-- Opening Marker --

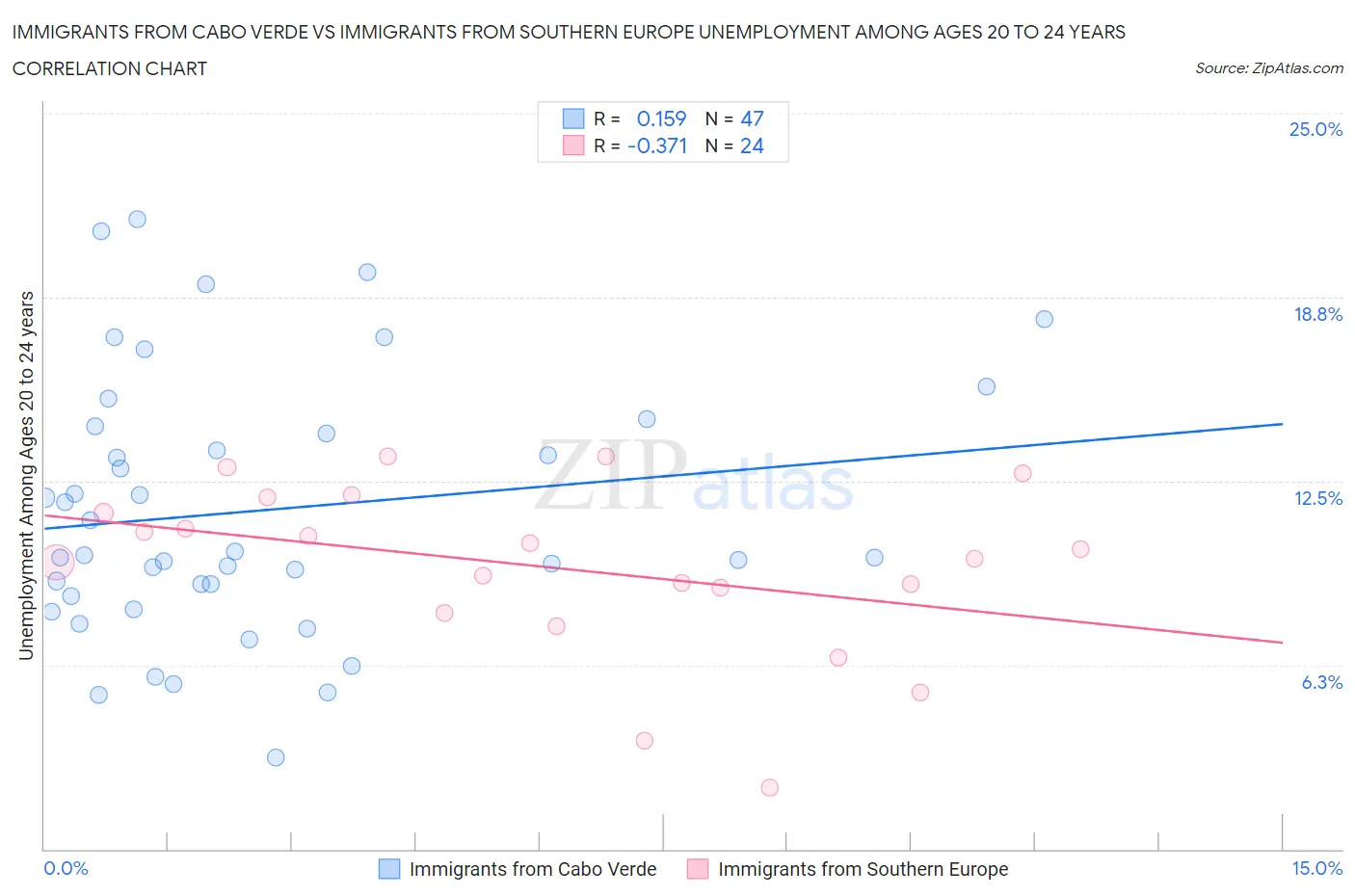 Immigrants from Cabo Verde vs Immigrants from Southern Europe Unemployment Among Ages 20 to 24 years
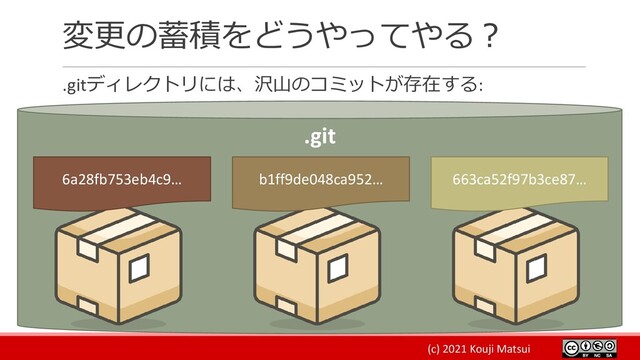 (c) 2021 Kouji Matsui
変更の蓄積をどうやってやる？
.gitディレクトリには、沢山のコミットが存在する:
.git
6a28fb753eb4c9… b1ff9de048ca952… 663ca52f97b3ce87…

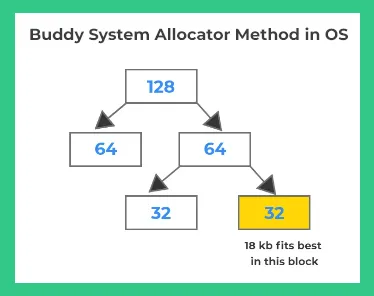 Buddy System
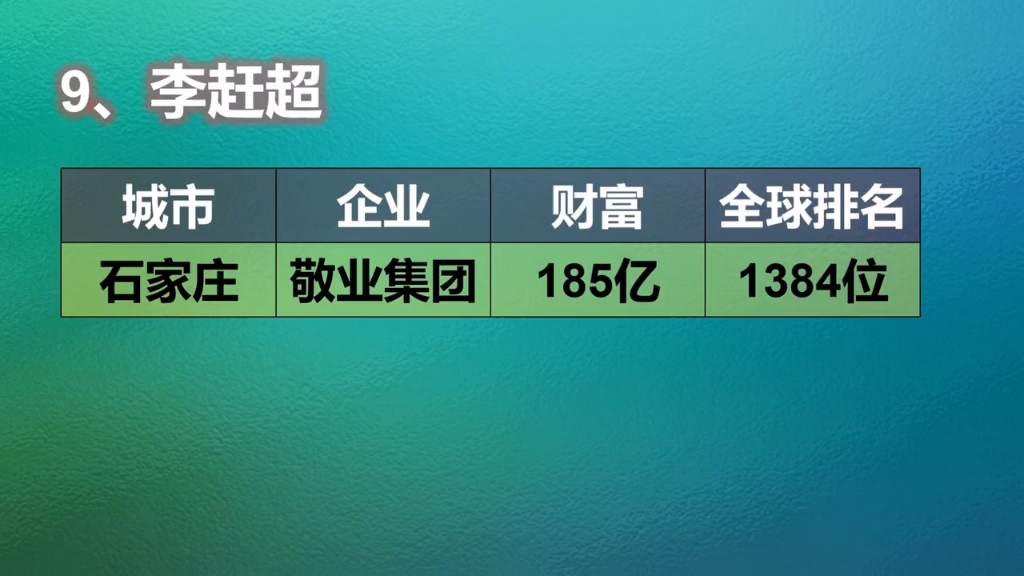 河北富豪战队《2024胡润富豪榜》哔哩哔哩bilibili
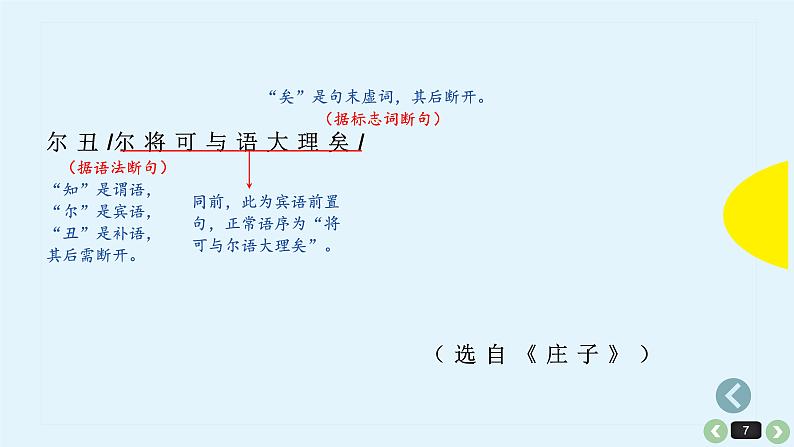 《点亮高考》考点15  文言断句（课件）-2023年高考语文大一轮单元复习（全国通用）第7页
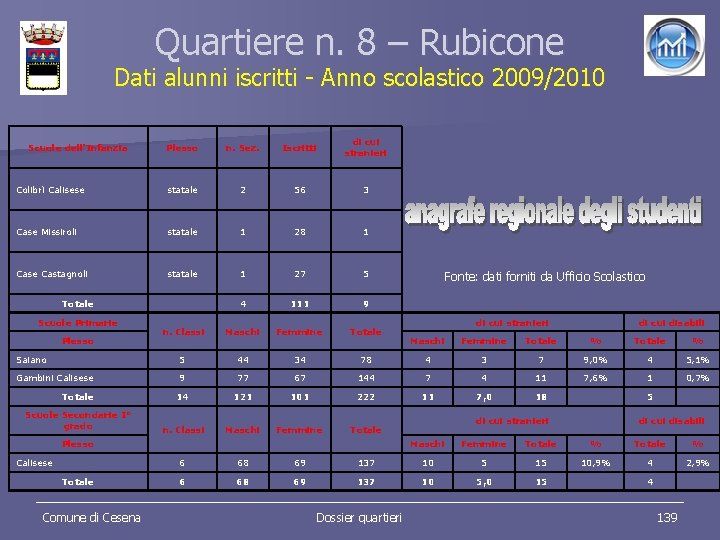 Quartiere n. 8 – Rubicone Dati alunni iscritti - Anno scolastico 2009/2010 Plesso n.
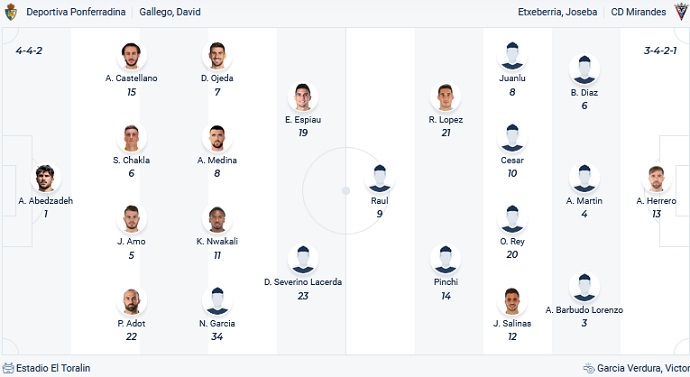 Nhận định, soi kèo Ponferradina vs Mirandés, 21h15 ngày 26/3 - Ảnh 4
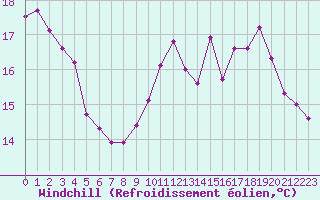 Courbe du refroidissement olien pour Grenoble/St-Etienne-St-Geoirs (38)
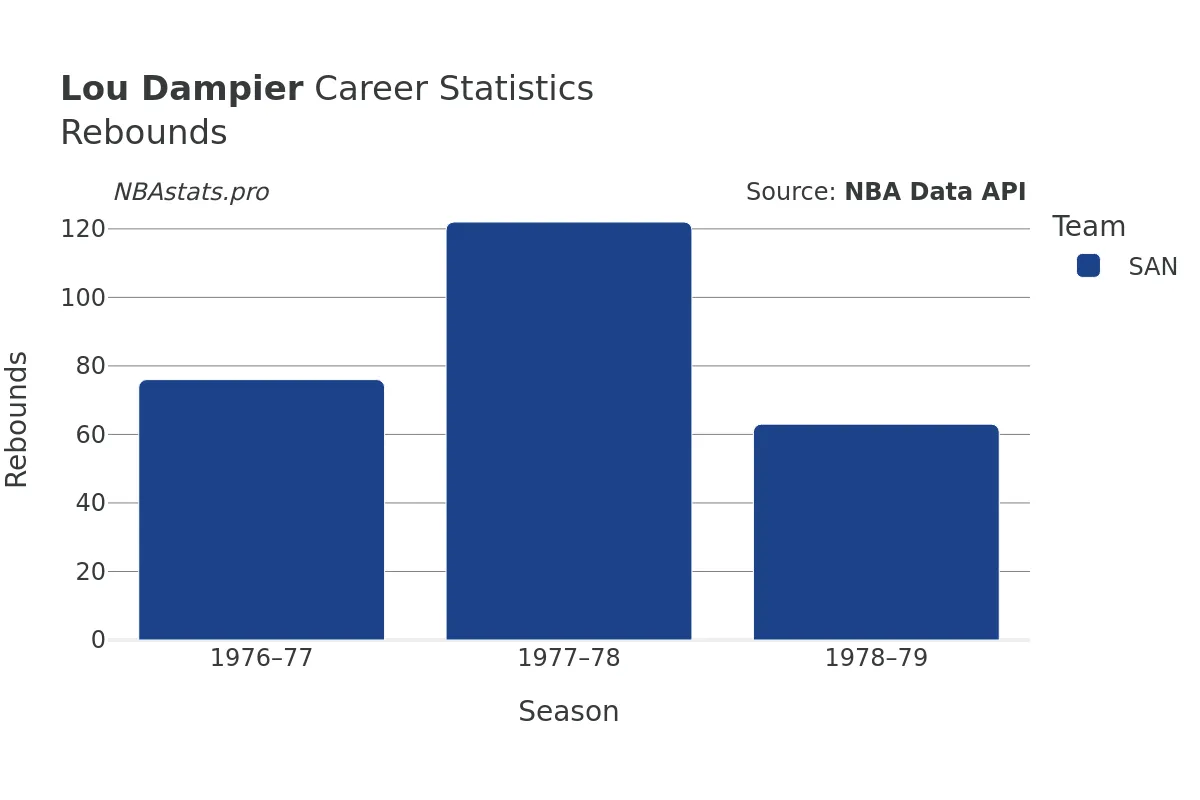 Lou Dampier Rebounds Career Chart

-- Closing Marker --

**Your assignment**
Transcribe all of the records above character for character. Exclude the pictures.

**Your solution**
 Immigrants from Cabo Verde vs Immigrants from Southern Europe Unemployment Among Ages 20 to 24 years
 (c) 2021 Kouji Matsui
変更の蓄積をどうやってやる？
.gitディレクトリには、沢山のコミットが存在する:
.git
6a28fb753eb4c9… b1ff9de048ca952… 663ca52f97b3ce87…

 Buddy System
 河北富豪战队《2024胡润富豪榜》哔哩哔哩bilibili
 《点亮高考》考点15  文言断句（课件）-2023年高考语文大一轮单元复习（全国通用）第7页
 Quartiere n. 8 – Rubicone Dati alunni iscritti - Anno scolastico 2009/2010 Plesso n.
 Nhận định, soi kèo Ponferradina vs Mirandés, 21h15 ngày 26/3 - Ảnh 4
 Courbe du refroidissement olien pour Grenoble/St-Etienne-St-Geoirs (38)
 Lou Dampier Rebounds Career Chart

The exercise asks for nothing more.